In this version, the titular red-cloaked heroine, played by doe-eyed Amanda Seyfried, is given a name "Valerie" and cast not as the disobedient naïf we remember from the original fable but a headstrong and independent-minded young lady who would never fall for the tricks of some hairy beast masquerading as her grandmother. Although betrothed by parental arrangement to Henry (Max Irons) the respectable scion of a wealthy blacksmithing family, her heart really belongs to Peter (Shiloh Fernandez), the darkly handsome town badboy whose chosen occupation, woodworker, apparently ranks far below blacksmith in the social hierarchy.
Valerie is inclined to run off with Peter, but soon such inclinations must be shelved when her sister turns up dead, the apparent victim of a wolf that has terrorized the residents of Daggerhorn, the rustic, medieval-ish mountain village in which the film is set (the exact setting and time period are kept weirdly indeterminate), for decades. The men of Daggerhorn resolve to avenge the girl's death and slay the murderous animal once and for all, but they appear hopelessly outmatched until Father Solomon (Gary Oldman), a blustery hunter/inquisitor with dubious religious credentials, arrives on the scene. Solomon informs the beleaguered Daggerhornians that the wolf they are dealing with is no mere wolf, but a shape-shifting werewolf with powers far greater than any of them had anticipated.
Even worse, when the moon isn't full, he (or she) walks among them, unnoticed, in human form.

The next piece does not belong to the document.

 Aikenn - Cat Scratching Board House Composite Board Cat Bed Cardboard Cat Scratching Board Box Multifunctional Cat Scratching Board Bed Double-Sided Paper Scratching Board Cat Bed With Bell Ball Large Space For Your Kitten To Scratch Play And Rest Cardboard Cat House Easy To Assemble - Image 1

Everyone is a suspect, Solomon declares, and soon Red Riding Hood evolves into a hokey whodunit filled with all sorts of unconvincing feints and red herrings. At the center of the mystery is poor Valerie, in whom the werewolf seems inordinately interested. "Ohmigod, you can talk!" she gasps when the werewolf first speaks to her, telepathically - a line that got some of the loudest laughs in a film that is far too often inadvertently comedic.
Such is the danger of a film that treats such a subject as ridiculous as Red Riding Hood's with such unrelenting gravity - melodrama curdles into gooey, processed cheese. And this film is slathered with it. Which wouldn't be so bad if the subject matters were at least a little suspenseful, but Hardwicke is unable to exact much terror or fright out of David Leslie Johnson's too-tame script. (The film's PG-13 rating doesn't help.) What we're left with is a gauzy romance that might have even ardent Twi-hard types rolling their eyes.
Hollywood.com rated this movie 2 stars.